Momsen's manager, David Sonenberg, is much more scathing than her in his assessment of rock in 2014. "It's a very misogynistic world; people think that girls are posing," he says. "I don't want to be misogynistic myself, but maybe it's easier for girls to craft a pop tune than a credible rock tune."

In the 1980s, the Mainstream Rock Songs chart featured 13 female-fronted No. 1s, by Heart, Stevie Nicks and others. However, since the Alternative Songs chart's debut in 1988, the mainstream rock format has become tougher, rougher and much more male. Grunge led alternative in a gritty direction from the mid-'90s to the mid-'00s, but the format has recently shifted to softer sounds with crossover potential (Mumford & Sons, Lorde) -- leaving mainstream rock to focus on hard-rock acts like Avenged Sevenfold and Volbeat.

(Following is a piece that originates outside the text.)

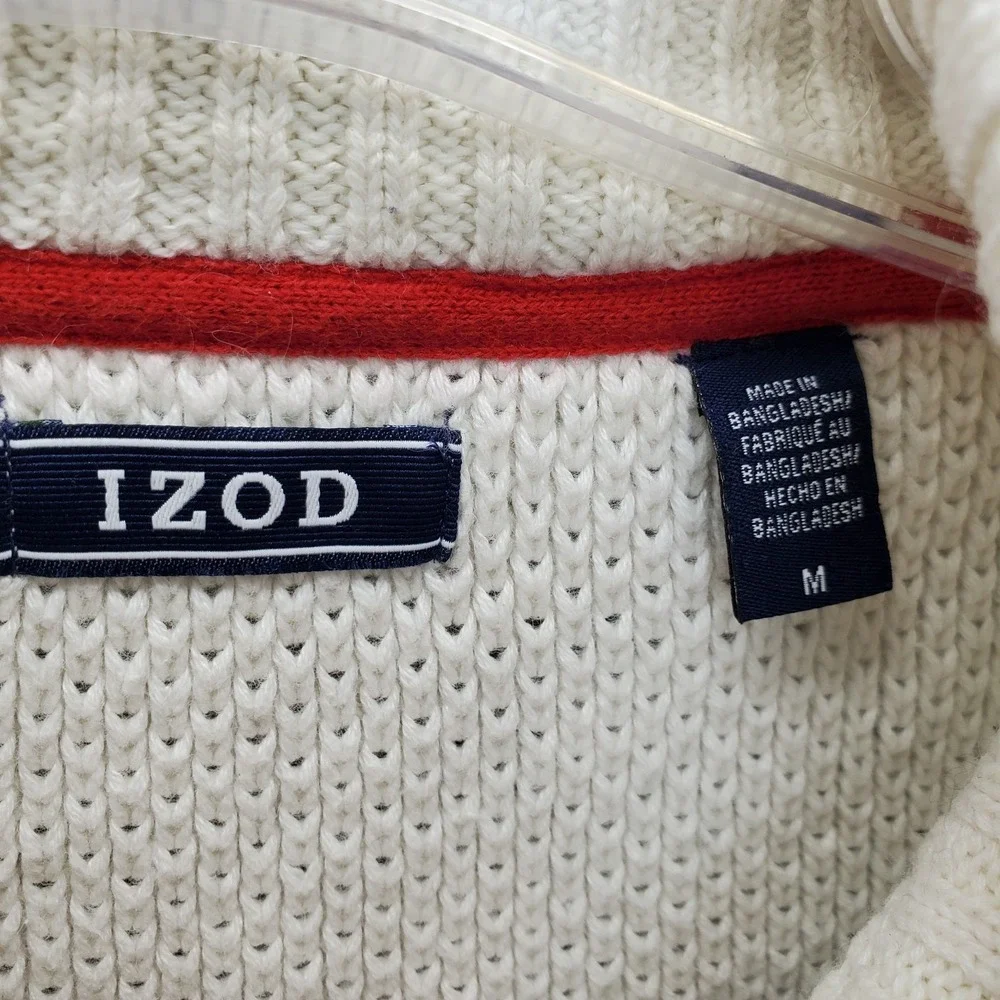 IZOD 1/4 Zip Pullover Sweater Mens Medium Multi Fair Isle Long Sleeve Mock Neck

Mainstream rock station WTZR Johnson City, Tenn., is the biggest supporter of "Heaven Knows," leading all stations with nearly 500 plays through March 17, according to Nielsen BDS. "The format could use more stuff like this -- it's like Queen's 'We Will Rock You' with Joan Jett vocals," says PD Jay Patrix, adding that he hopes female-fronted acts like In This Moment and Butcher Babies will continue the trend.

Nonetheless, Momsen doesn't shy from using her sex appeal to push the song in a male-focused genre. At one point in the "Heaven Knows" video, which she co-directed with Jon J, she strips naked, obscured partly by body paint and strategic lighting. The cover of "Going to Hell" references the racy moment, featuring an image of her nude back, cropped just so.

"Heaven Knows" also has been boosted by Momsen's fans from "Gossip Girl," where she played social-climber Jenny Humphrey, before moving away from the show after forming The Pretty Reckless in 2009. "It helped and hurt at first," she says. "It took a minute to have people see me outside of my character. But there was a fan base already there that I could introduce to the music."

"Going to Hell" may sell between 25,000 and 30,000 copies in the week ending March 23, according to industry forecasters, a big jump from The Pretty Reckless' 2011 debut, "Light Me Up," which arrived with 9,000 sold. Momsen and her bandmates -- all men, by the way -- are pushing the album by opening for Fall Out Boy in Europe, followed by a U.S. club headlining tour through May. In the meantime, Momsen is hoping her musical talents will dispel any questions about sexism in rock: "I don't really think about it as gender-separate -- if you can write a good song, you can write a good song."